LOUISVILLE, Ky. (WDRB) -- With multiple weather events this winter, snow removal budgets are already stretched thin.
The snow will be cleared no matter the cost, but road officials in both Indiana and Kentucky say it will mean less money for summer maintenance.
The pinch in budgets is a result of what meteorologists are calling one of the busiest winters in the past five years.
"As far as during my years with INDOT, I can't recall a winter this hard," said Harry Maginity with INDOT's Southeast district.
Metro Louisville has already had 19.3 inches of snow this winter--well above the 12.5 inch average. That means road crews have been extra busy.
"We've got to keep the roads clear of snow and ice because it's a safety issue and safety is our number one priority," said Andrea Clifford with the Kentucky Transportation and Safety Cabinet.
In Kentucky, the state budgeted $30 million for snow and ice removal this year. They've already spent $27 million--and that doesn't include costs associated with this latest storm.

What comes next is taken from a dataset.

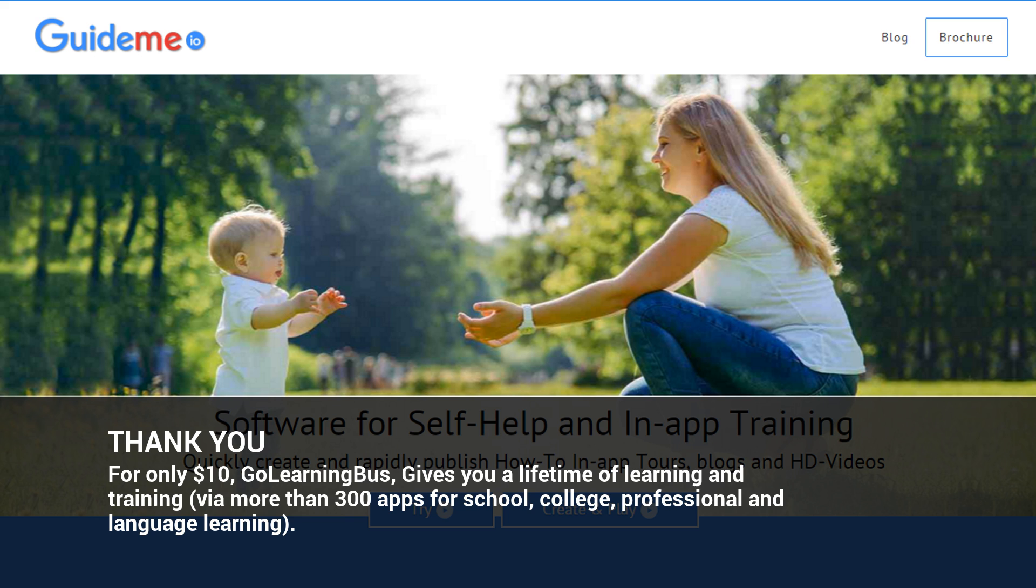Bye from Lisa. Visit GuideMe.io for more tours, download GuideMe plug-in and publish your own tours. Send your feedback at team at wagmob.com.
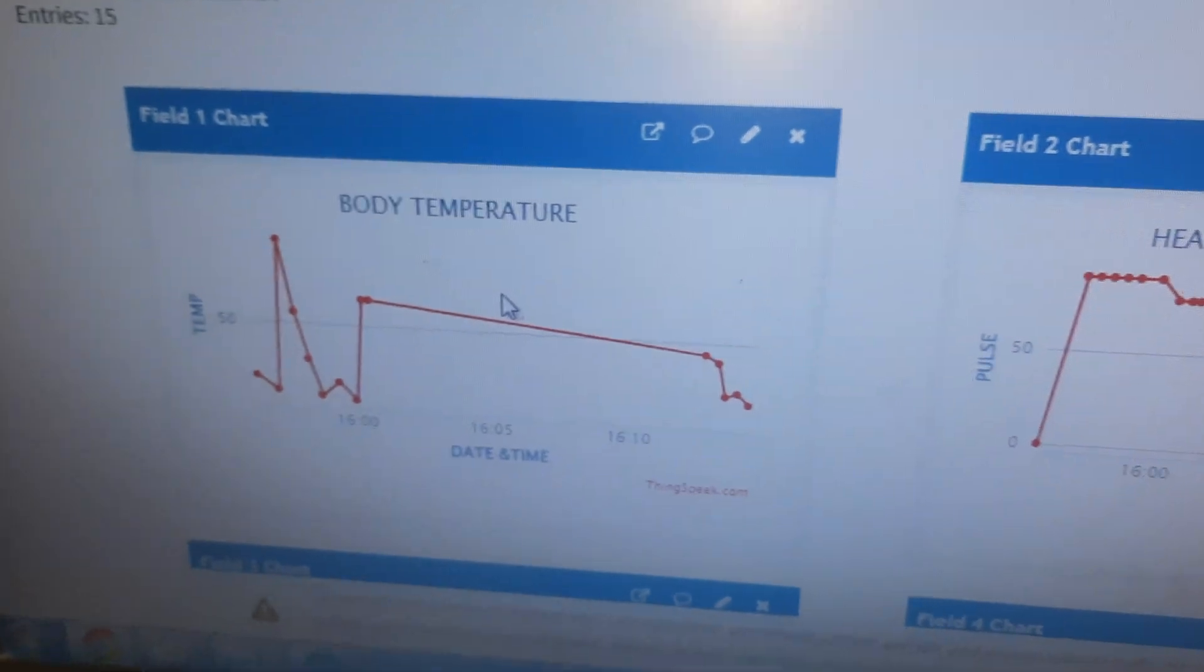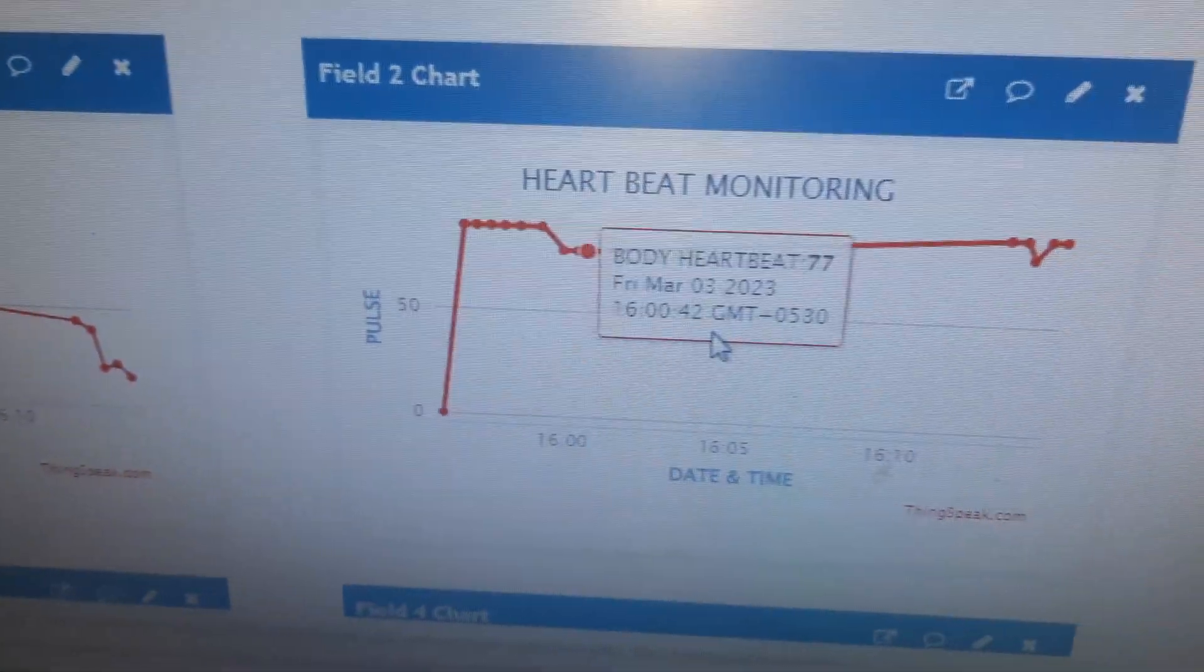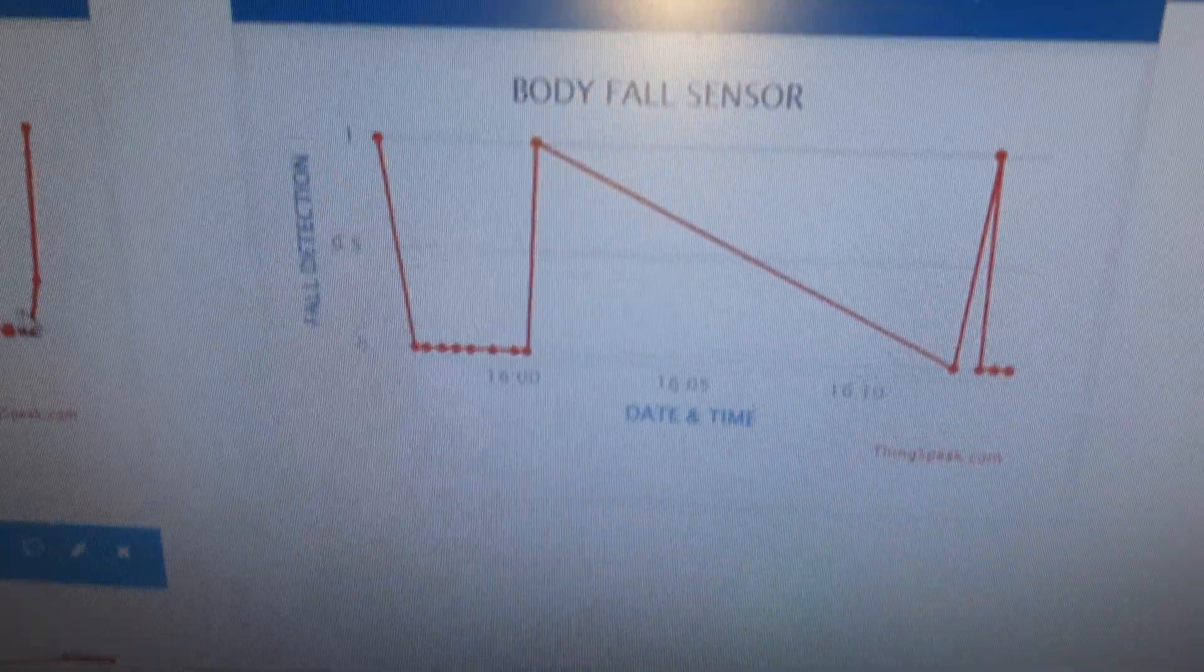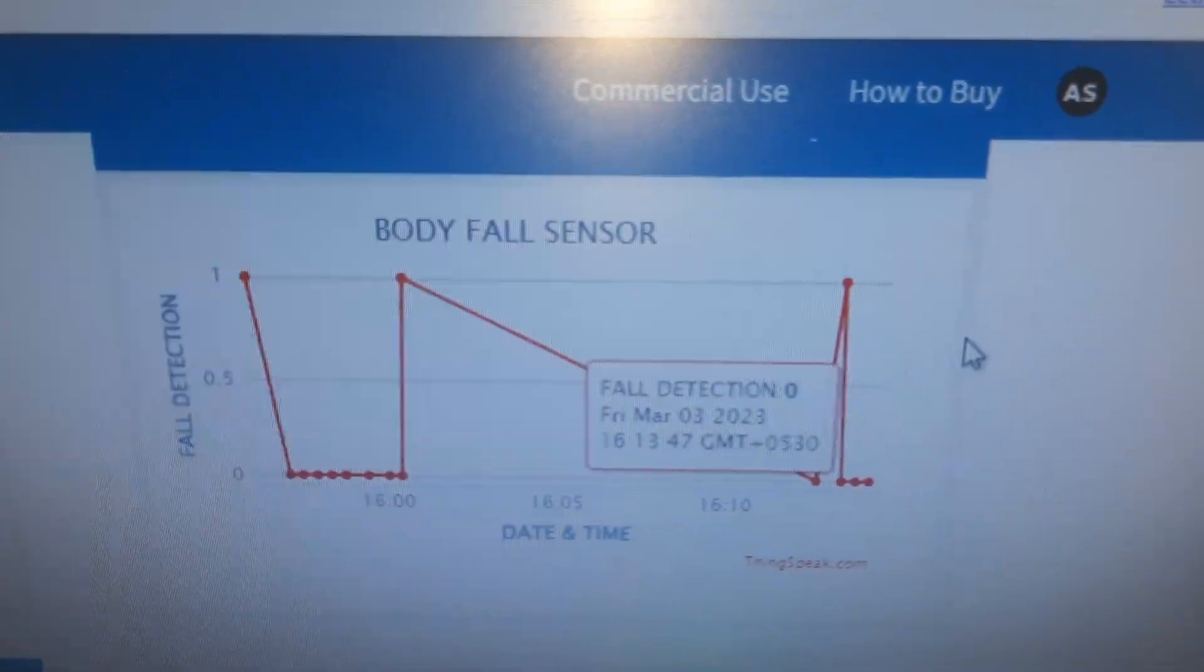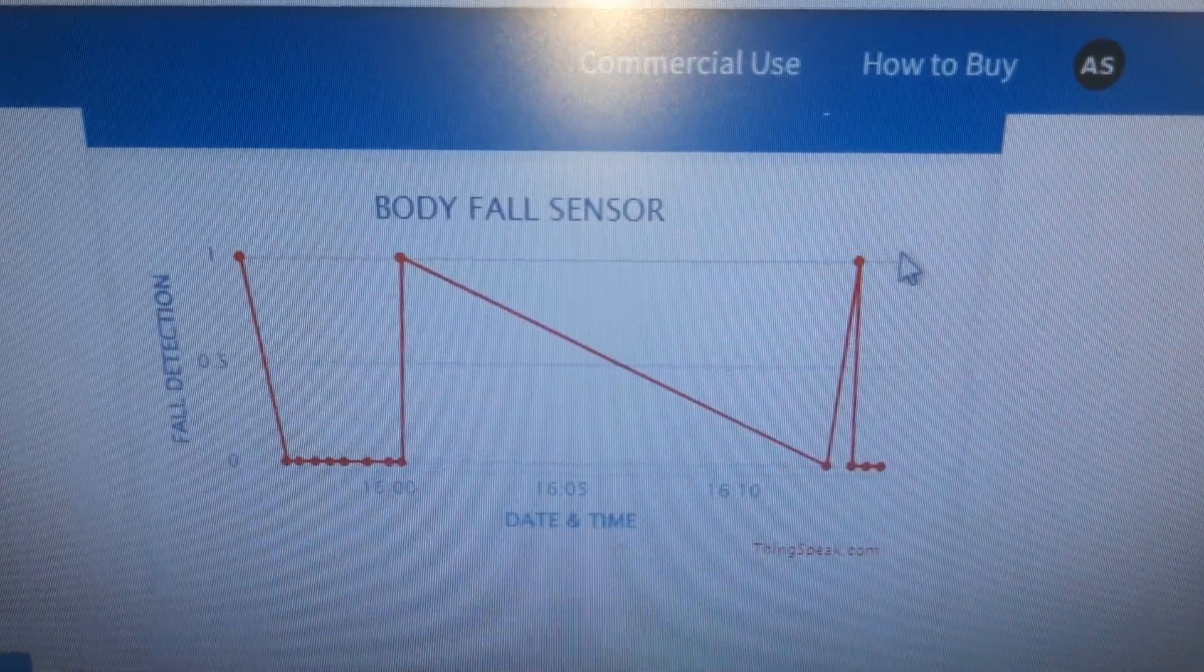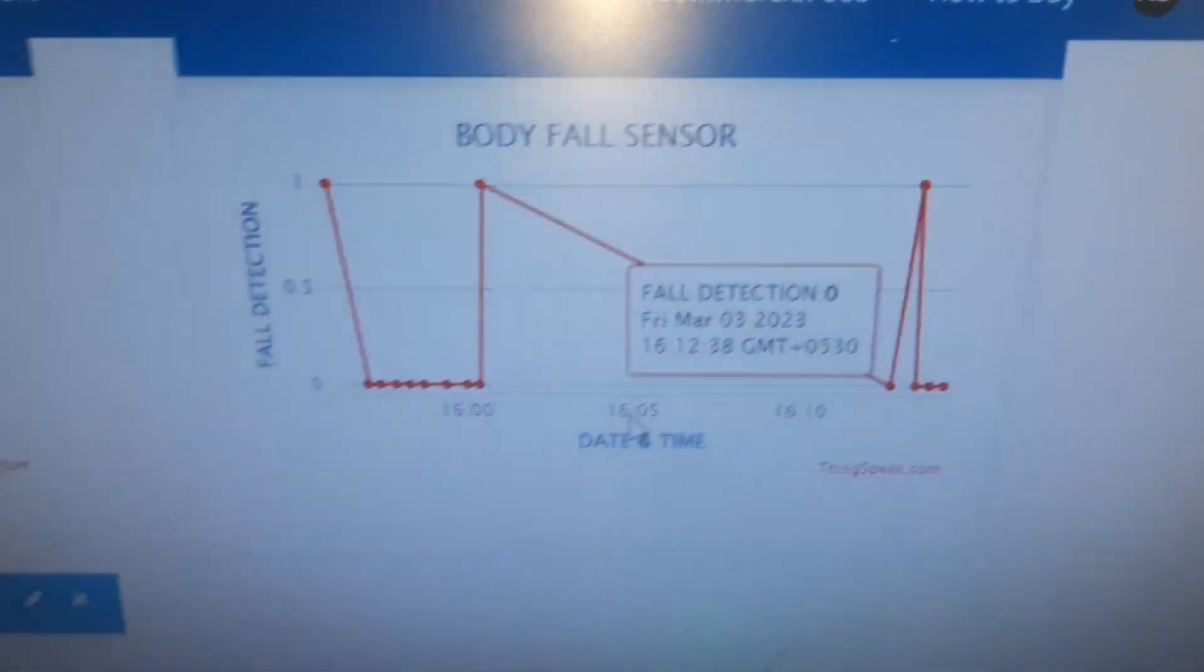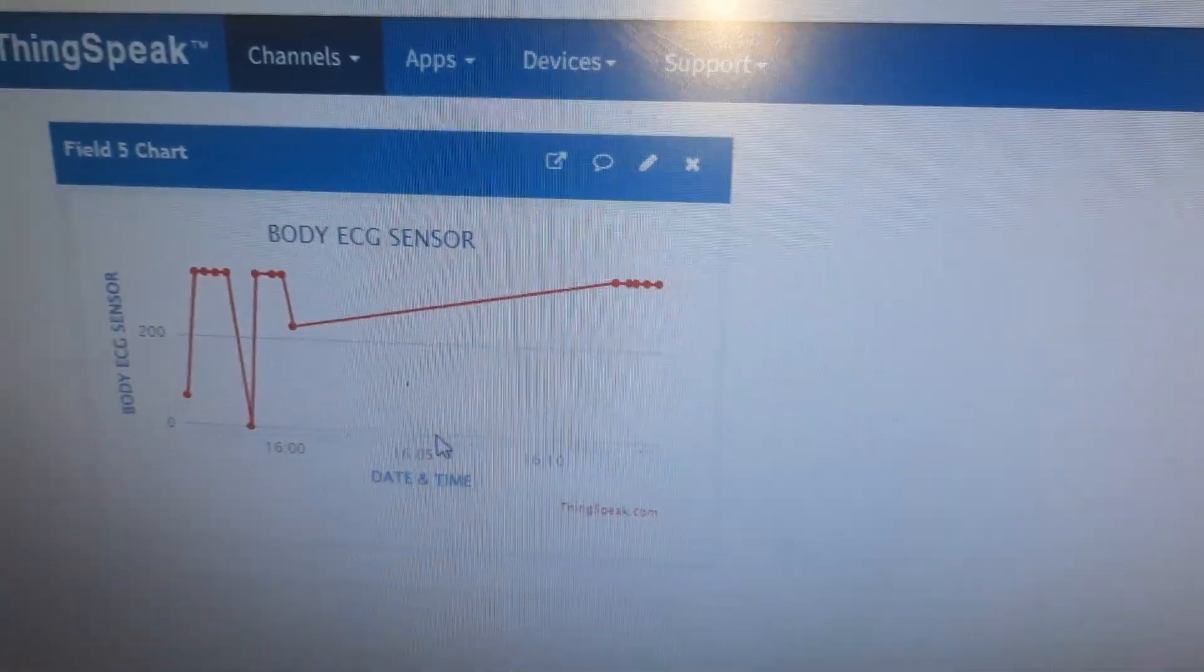We have body temperature, heartbeat values, humidity values, and body fall detection. It goes high when fall is detected, goes to 0 when there is no fall, and we have ECG value.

According to Clifford, snow removal costs the previous two years were $12.8 million and $15.5 million. Much lower than this years figure of $27 million.
In Indiana, transportation officials are reporting similar numbers. They say they've already spent what they usually spend all winter.
"We're about double what we would be normally--at least over a five year spread-- as far as expenditures," said Maginity.
And in both Indiana and Kentucky that means having to cut back in other maintenance areas.
"When you're spending more money in the winter for snow and ice, then you are going to have less budget to spend on something else later," said Maginity.
Just as summer maintenance needs would benefit from a dry winter, officials say those chores will likely have less to work with this year.
"Things like in-place patching for pavement projects, culvert replacements, tree trimming, brush removal, things such as that," said Clifford.
And with more snow in the forecast, road officials realize, there is still plenty of time to increase those already high expenditures.
"These numbers will probably go up," admitted Andrea Clifford.
Because winter is still over a month from over.